Wednesday, July 26, 2006

Practicing Multiculturalism

Originally posted to math-teach @ Math Forum. Copied here, and slightly edited, for an illustrated edition.



Background to teachers:

The lesson plan to which I am appending, a guided meditation and/or storyboard for sketching and transcribing to television, derives from a system of mensuration premised on the priority of the tetrahedron as our unit of volume.

The four intertangent CCP balls, mentioned in connection with their rhombic dodecahedral ball casements, define our 2R-edged tetrahedron of unit volume.


Fig. 411.05: Four Spheres Lock as Tetrahedron
(click image for context)

It is vis-a-vis this standard that our above-described XYZ-Coupler is likewise unit volume.

Given geometry has room for more than one model, we're not presuming any lack of familiarity with the orthonormal standard, wherein cubic mensuration reigns supreme (a convention for centuries almost unquestioned).
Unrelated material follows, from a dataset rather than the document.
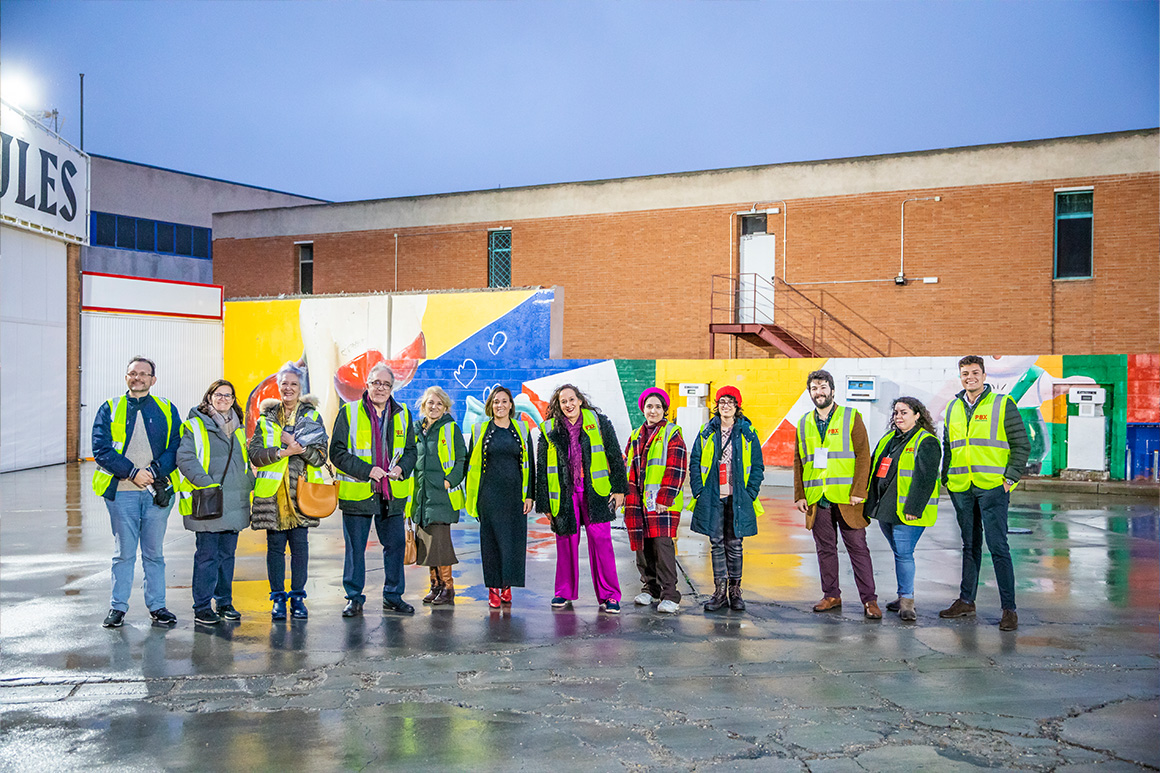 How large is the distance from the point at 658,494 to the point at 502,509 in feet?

One convention for going back and forth between cultures is to consider the 2nd-root-of-2 edged cube, what we know as the volume-3 cube in the IVM (and/or concentric hierarchy) and 3rd power that to get its traditional volume i.e. pow(2, 0.5)**3 or 2.8284271247461907 in Python.


Fig. 986.210: Diagonal of Cube as Unity in Synergetic Geometry
(click image for context)

(pow(2,0.5)**3)/3.0 and its reciprocal are now available as conversion constants for going between namespaces. Feel free to use them as globals in your programs.
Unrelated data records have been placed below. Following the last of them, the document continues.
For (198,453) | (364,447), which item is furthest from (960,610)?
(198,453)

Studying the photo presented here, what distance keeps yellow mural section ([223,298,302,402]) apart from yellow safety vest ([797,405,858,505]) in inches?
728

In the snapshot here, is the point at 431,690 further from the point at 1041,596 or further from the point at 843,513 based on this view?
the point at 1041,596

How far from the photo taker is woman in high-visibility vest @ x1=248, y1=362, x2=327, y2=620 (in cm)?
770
With younger kids, with no prior indoctrination in the orthonormal system, just holding up the volume-1 tetrahedron and saying its volume is enough to get started.

It's like a mixing bowl or other kitchen measuring device. In this locale (or namespace) this is just how we use it, no proof or "conversion constants" required.

Just let students know: other cooks may use different kitchen implements than we do. This doesn't mean their food is bad, although we may find their methods of preparation somewhat awkward and energy-inefficient (no need to be rude about it, remember your manners).